Having an entire night to spend in Amsterdam can be a dangerous thing, but I managed to have time to explore a little of both the culture and the world-renowned wild side of the city. The city center is an easy 20 minute train ride from the airport to the Central Station where one steps out of the station into a truly unique experience.
The city is a small big city, one that feels totally manageable and relaxed despite the frenzy of activity, especially in the famed Red Light District that was packed with people. I started off in search of something somewhat more redeeming than just following the masses to the district, following my easy to use map through the quaint canals, incredible 18th century buildings and houses to a place that I really wanted to visit, the Anne Frank House.
The tragic story of one of millions of victims of the persecution of the Jews by the Nazis in WW II was told in vivid and heart-wrenching detail in the “Diary of Anne Frank” and the house with its secret annex where the Frank family hid until they were betrayed is now a museum. I was fortunate to make it over and get in just before they stopped allowing visitors for the day.
The house is divided in to two sections, the front contained the office and warehouse owned by Anne’s father Otto Frank, the back section known as the annex was hidden behind a moveable bookcase and it is where 8 people hid for over two years during the Nazi occupation. The entire house is now a museum where visitors can see the house and the annex as well as the actual diaries that document the time the family spent in hiding. It is a moving experience, especially in light of the fact that of the 8 people betrayed and sent to the Nazi camps, only Otto Frank survived the war.

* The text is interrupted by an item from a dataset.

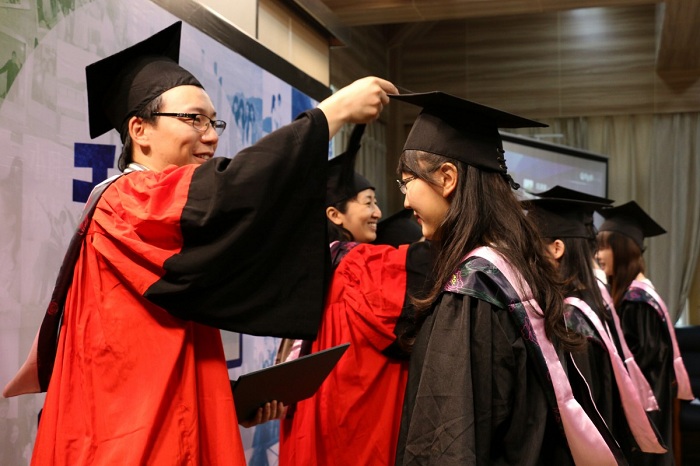 Wisuda Nggak Selalu Ngenes, Ini 5 Keuntungan Bagi Kamu yang Jomblo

After the experience of the Anne Frank house, it was on to something completely different as I headed into the famous Red Light District. There the liberal attitudes of the Dutch are on display as the streets are lined with bars, sex shops and clubs, smart bars and coffee houses offering legal “soft drugs” and the famous prostitutes who are on display everywhere under translucent red lights behind glass doors.

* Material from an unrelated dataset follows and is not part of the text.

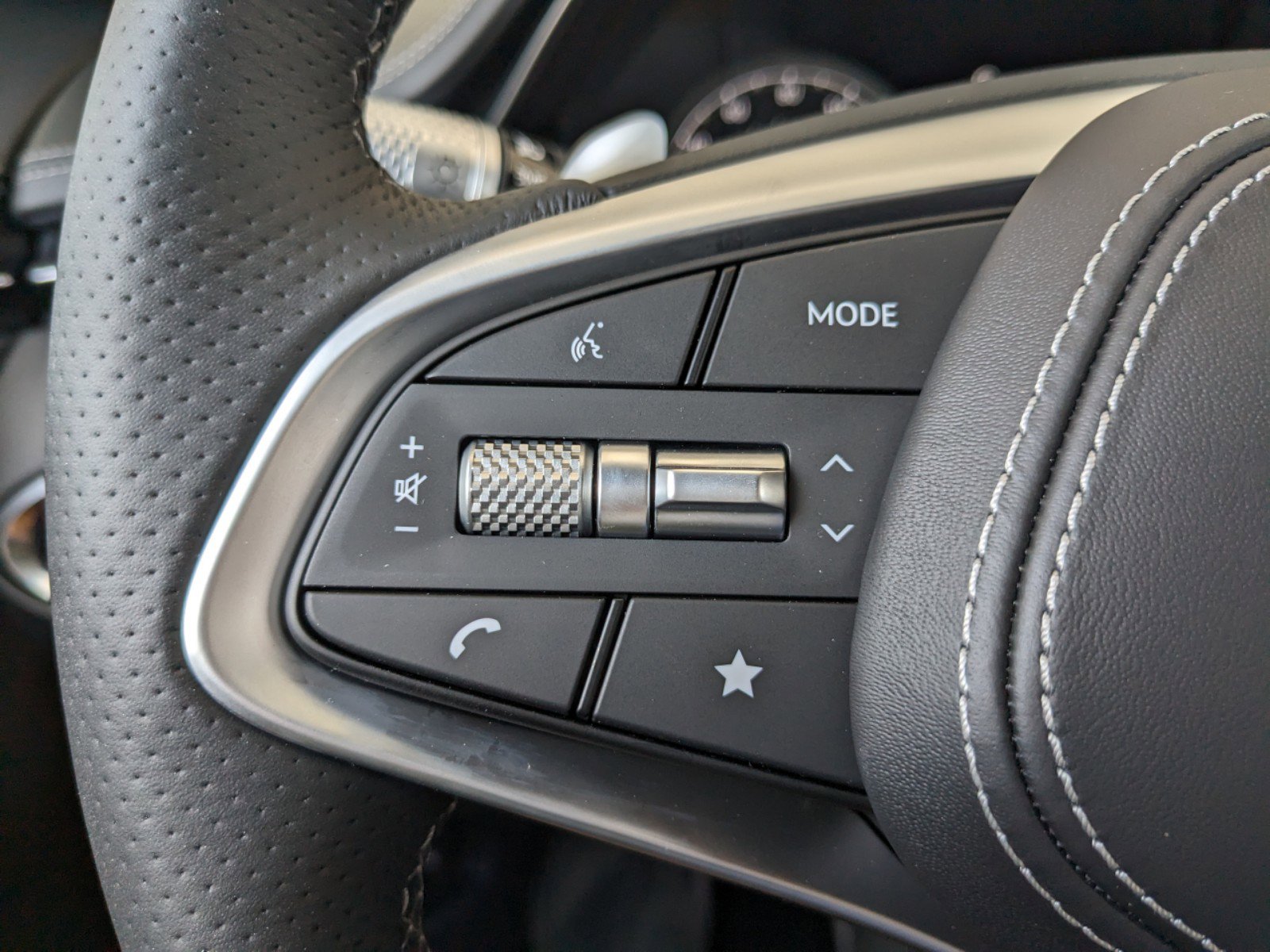 2025 Genesis GV70 3.5T Sport Advanced photo 21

Unlike what might be found in the US if such things were available, the area is not seedy at all. Thousands of ordinary looking visitors to the area mingle and wonder the streets taking it all in. Photography is frowned upon in the RLD, mostly because the prostitutes tend to lead double lives, housewives etc. by day. I tried to take a couple of shots to capture the feel of the place without revealing any identities.
The entire place is fascinating and full of life, everyone seems to be in a great mood and it seems safe and is a ton of fun. The city with its maze of canals, narrow streets full of bicyclists and tiny cars is a laid back yet at the same time somewhat frenetic place that is also incredibly beautiful. It made for a great stop-over on the way home from what was an incredible trip.